Tenemos que decidir si queremos o no un Estado de Bienestar con mayúsculas. Si nos decantamos por recuperar nuestro sentido de comunidad tenemos que resolver ya, con claridad y sin ambages, cuándo y cómo abordamos la cuestión fiscal como acuerdo y compromiso nacional. Decisión que una y otra vez hemos pospuesto utilizando recursos facilones, desde el abuso del dinero derivado del petróleo hasta los mil y un argumentos que aluden a la “inoportunidad” política-electoral, veleidades y deficiencias que han diezmado el esfuerzo cotidiano por tener una vida segura y horizontes creíbles de justicia y bienestar. Lo que nos ha quedado es encono y furia, resentimiento y una peligrosa disposición a actuar por cuenta propia, sin consideración ninguna por los derechos fundamentales que articulan el edificio constitucional que nos queda.
Al decidir emprender este camino, tendremos que vérnoslas con dos temas clave para una operación aceptable del sistema: financiamiento suficiente, oportuno y transparente, así como la calidad y número del personal encargado de su funcionamiento. Y es aquí donde se hace evidente la necesidad de más impuestos y por ende de una reforma fiscal consensuada, frente a la cual irrumpen el fantasma del derecho natural a la propiedad o el reclamo plebeyo de llevar la proclama de justicia social al abigarrado escenario de la fiscalidad del Estado.

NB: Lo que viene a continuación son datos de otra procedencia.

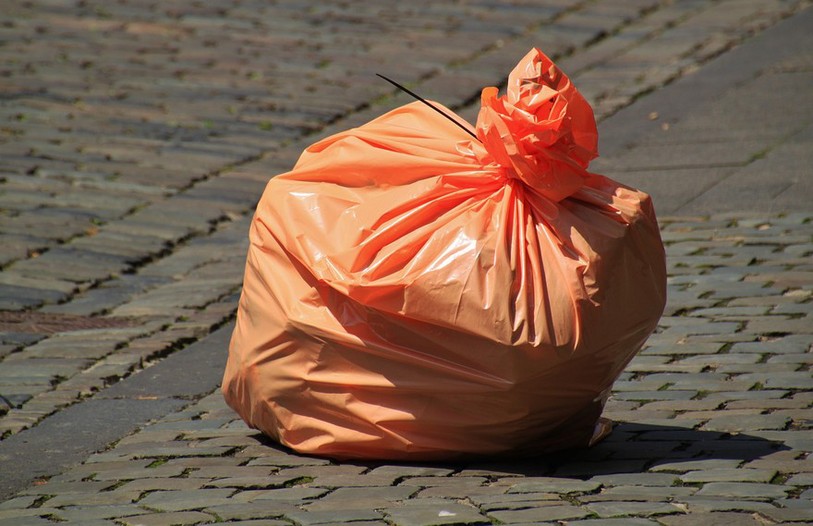 sac poubelle en plastique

Impuestos y gastos; programación y monitoreo de ambos por parte del gobierno y la sociedad; equidad, proporcionalidad y progresividad, que no son lo mismo, son algunos de los capítulos por cubrir y sobre los que, para nuestra fortuna, nuestros estudiosos han llenado libreros y cubierto muros.
Decidiendo se entiende la gente, siempre y cuando una parte de nuestro acuerdo nacional por un Estado de Bienestar rechace la superchería gazmoña que pretende aprovechar cualquier resquicio para meter su mezquina baza. Decir, por ejemplo, que “en ¡estos días!” la desigualdad no importa, que es la pobreza, es querer poner tapaboca a la necesidad de hablar de reforma fiscal o de gravar la riqueza, temas que se les considera sin sentido. Por ahí, no hay más camino que hacia la pendiente, al pantano de las misceláneas y las adecuaciones fiscales que han empedrado nuestro camino del infierno a la penuria fiscal y la nuestra propia.
Nunca sobrará contar con información valedera sobre el estado de nuestra economía y sociedad. Saber sobre la riqueza, sus usos y concentraciones no es curiosidad malsana, de algún bolchevique o maoísta trasnochado …o desmañanado. Sólo con información más o menos precisa, de carácter estadístico y no para la barandilla fiscal, podremos acercarnos sensatamente al tema candente: ¿Debemos grabar la riqueza y/o progresivamente el ingreso de la elite? ¿Para qué y cómo? ¿De cuánto estamos hablando?
El INEGI y el CONEVAL no pueden ser vistos como sucedáneos de una policía financiera o fiscal. Son instrumentos invaluables del Estado y la sociedad, y deben seguirlo siendo, para ubicar(nos) dónde estamos; hacia dónde pueden ir las políticas; qué implicaciones tiene actuar en un sentido o en otro. Para no extraviarnos más de la cuenta en este maremágnum donde todas las crisis se conjuran.
Aunque equívocamente, el diputado Ramírez Cuéllar nos puso de frente al espejo. No lo vayamos a estrellar para seguir evadiendo nuestra imagen real y, como el emperador, seguir desnudos y omisos ante todo reclamo de solidaridad y sentido de comunidad.